### Supplied records
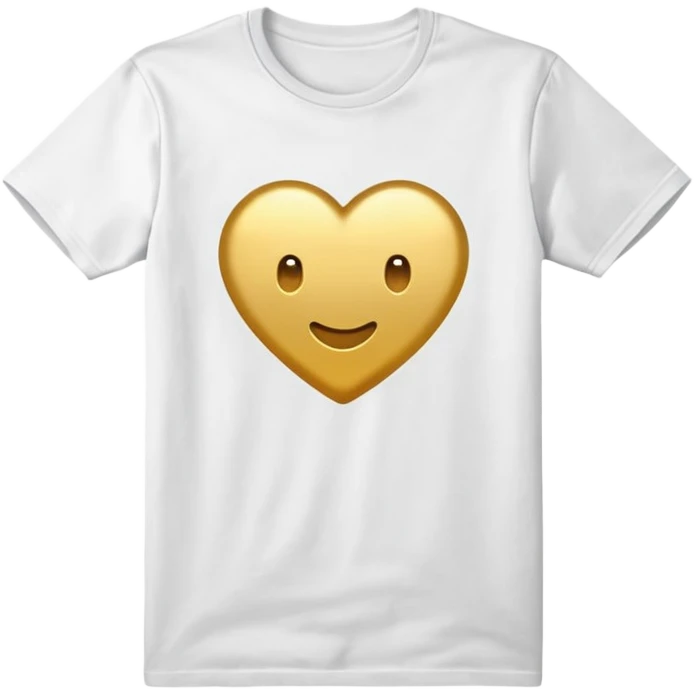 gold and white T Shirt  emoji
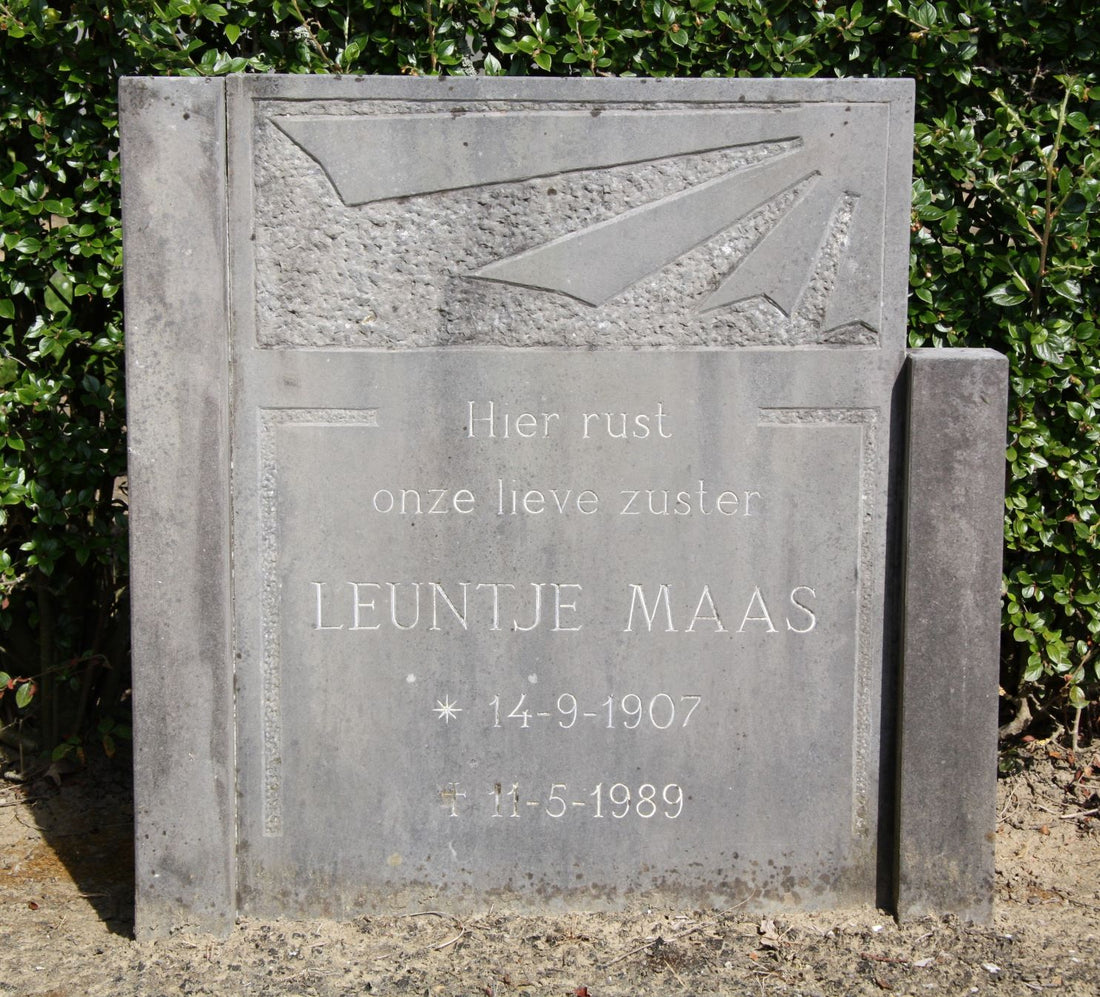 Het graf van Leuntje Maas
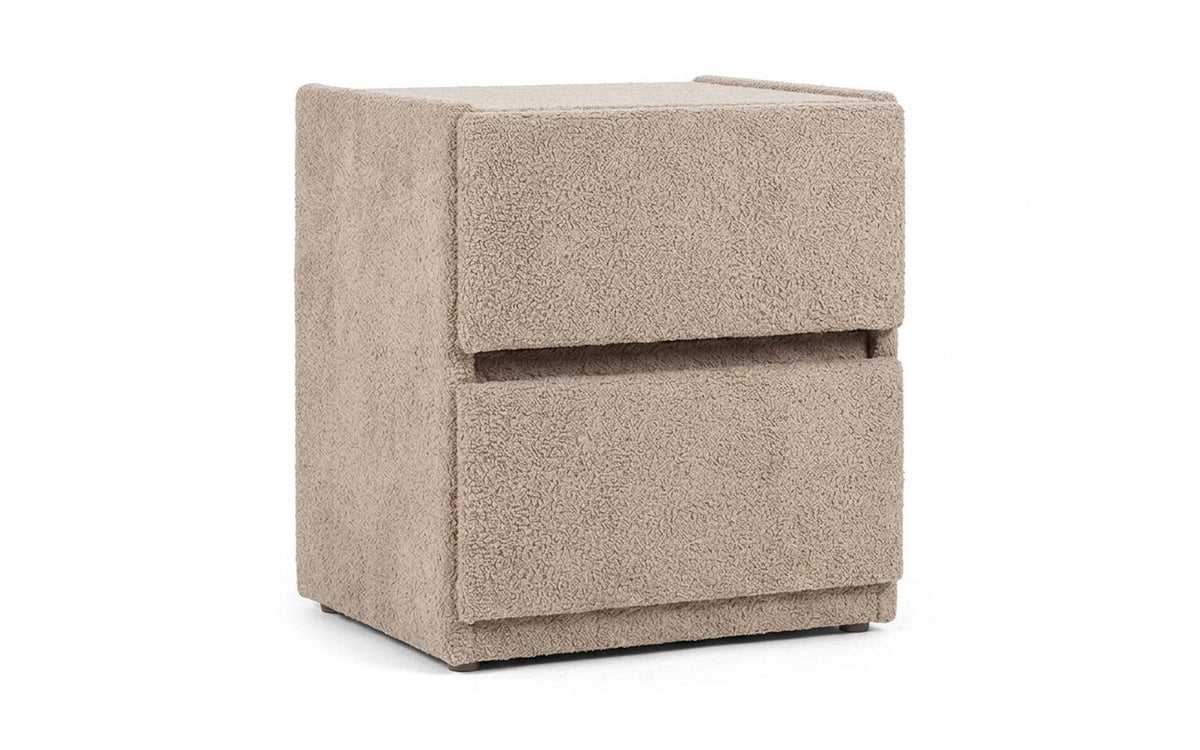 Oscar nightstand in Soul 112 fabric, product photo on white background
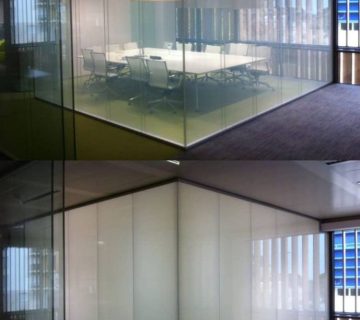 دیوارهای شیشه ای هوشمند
---
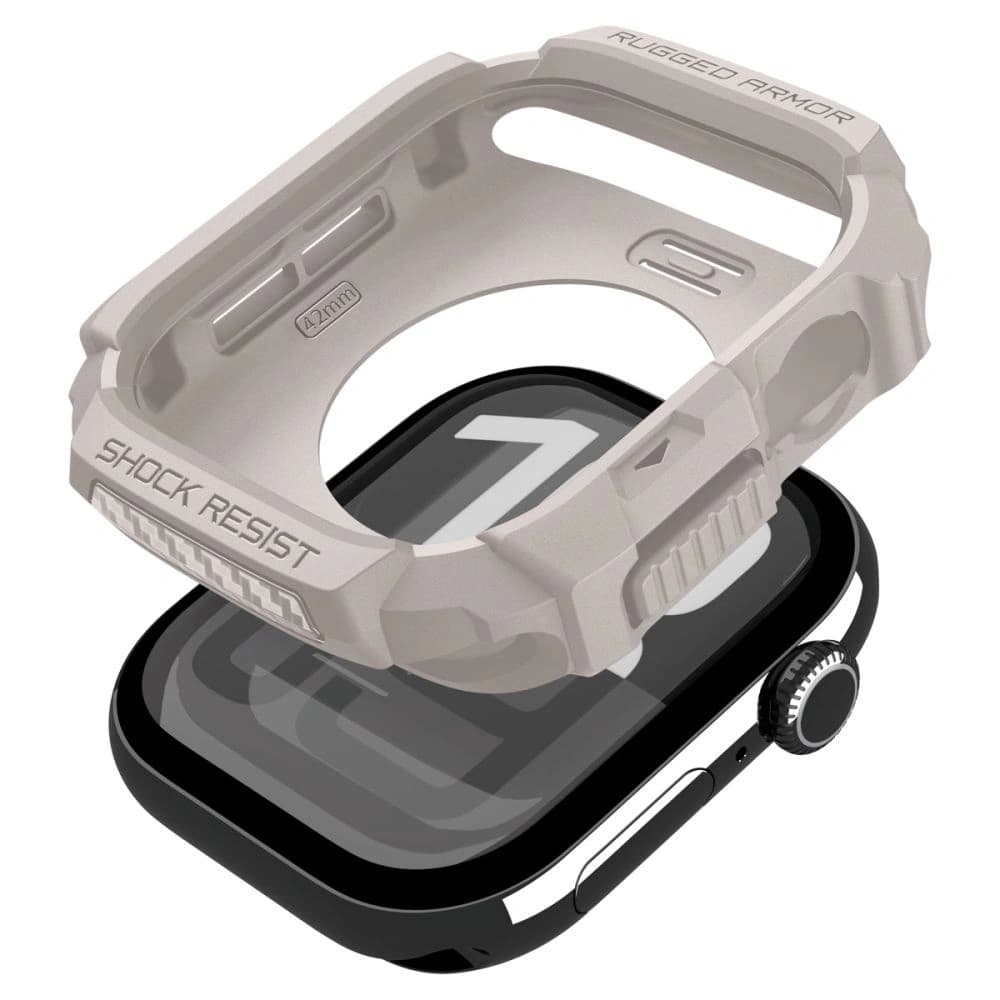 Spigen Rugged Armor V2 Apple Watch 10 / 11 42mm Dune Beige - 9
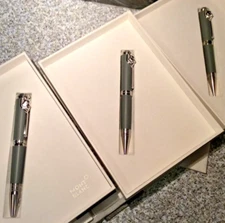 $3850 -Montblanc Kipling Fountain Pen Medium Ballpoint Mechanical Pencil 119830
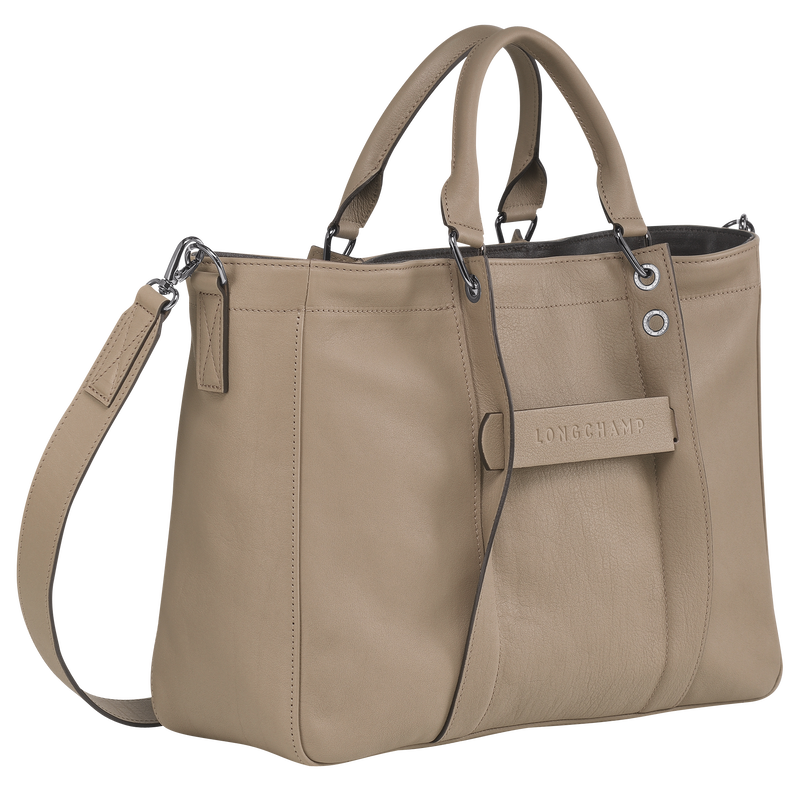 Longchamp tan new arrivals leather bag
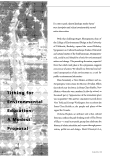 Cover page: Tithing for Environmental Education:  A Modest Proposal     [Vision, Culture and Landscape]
--
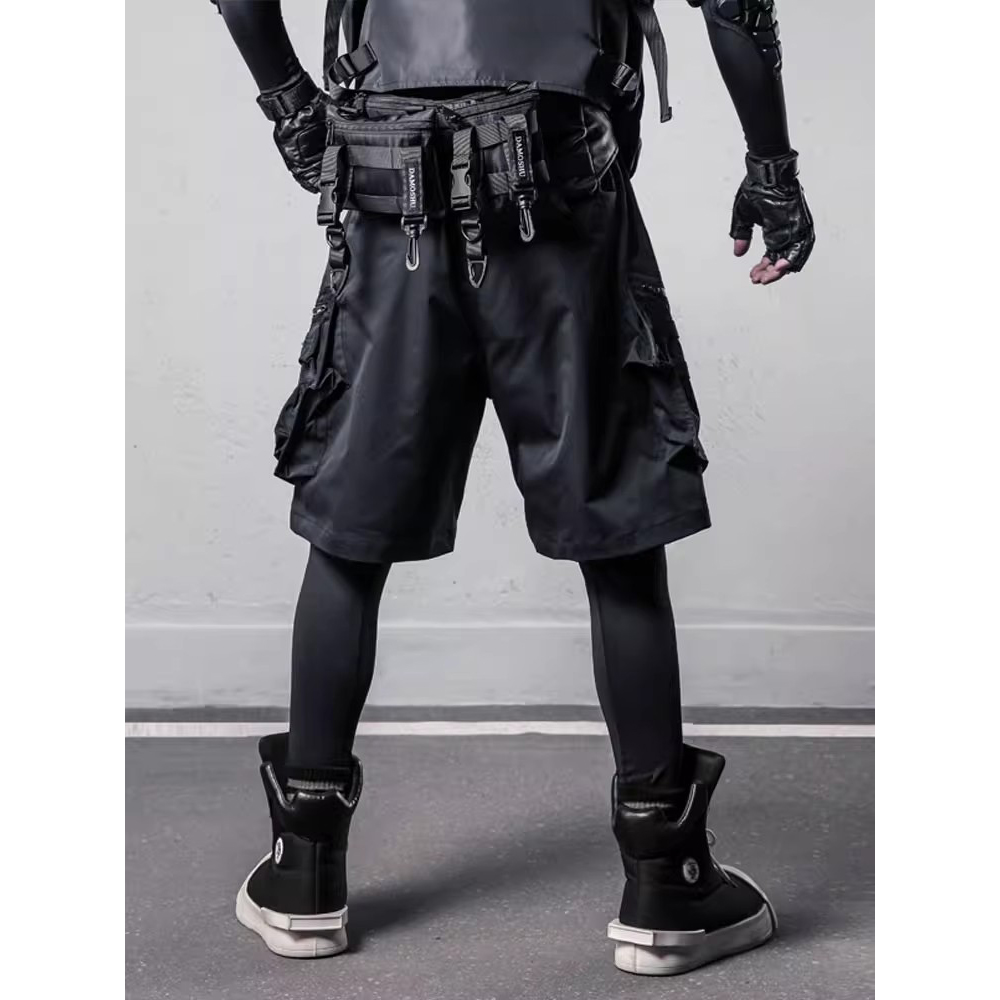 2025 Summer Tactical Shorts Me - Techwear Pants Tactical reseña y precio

### Your objective
Only one stretch of the data is wanted: write out exactly the lines from the one holding "Longchamp tan new arrivals leather bag" through the one holding "Cover page: Tithing", both included, without the pictures.

### Your solution
 Longchamp tan new arrivals leather bag
 Cover page: Tithing for Environmental Education:  A Modest Proposal     [Vision, Culture and Landscape]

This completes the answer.